Update Sept. 3: Maven’s Not So Bad.
A lot of Ruby types come to Clojure and ask, “Where’s the package manager?” The answer is usually, “Maven or Ivy,” which isn’t really an answer.
I discussed this in the latter half of my Philly Lambda talk (PDF slides). The problem is that Clojure is built on Java, and any Clojure library that does something interesting is going to need some Java libraries beyond what the JDK provides.
Java has only one established dependency management system, Maven. (Ivy is an alternative, but it uses the Maven repositories.) Maven works, but it’s a big, complicated beast, built in the best giant-XML-configuration-file Java tradition. It’s also slow to accept new libraries into the public repositories. The central Maven 2 repository contains fewer than 700 libraries. Rubyforge, by contrast, lists over 8,000.

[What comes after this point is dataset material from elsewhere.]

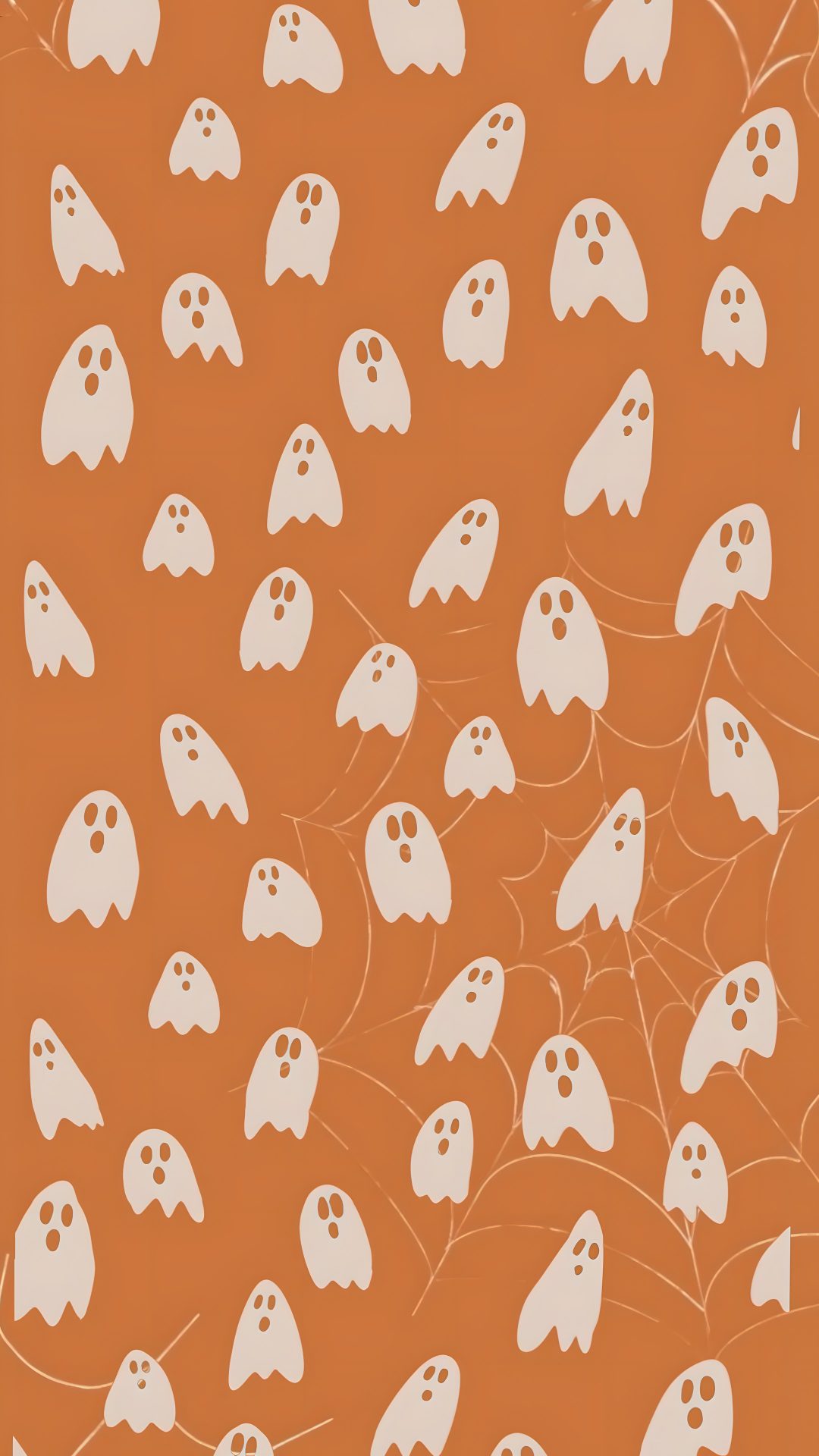 an orange background with white ghost faces on it Halloween Boo Halloween Orange White peru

Maven seems to work well for large organizations that can benefit from setting up their own, private repositories, but it’s kind of a headache for the independent developer.
There’s a Clojure Maven plugin, some shell-based hacks like Corkscrew, and some Ivy-related code floating around, but none really provides what people want: one simple command to download and install all the dependencies for a project, without needing any XML.
But CPAN was not created in a day. Most of its imitators (Rubygems, PEAR, Python Eggs) have failed to reach the same level of quality. Perl is also much older, and therefore more stable, than Python or Ruby. 10-year-old Perl code probably still works.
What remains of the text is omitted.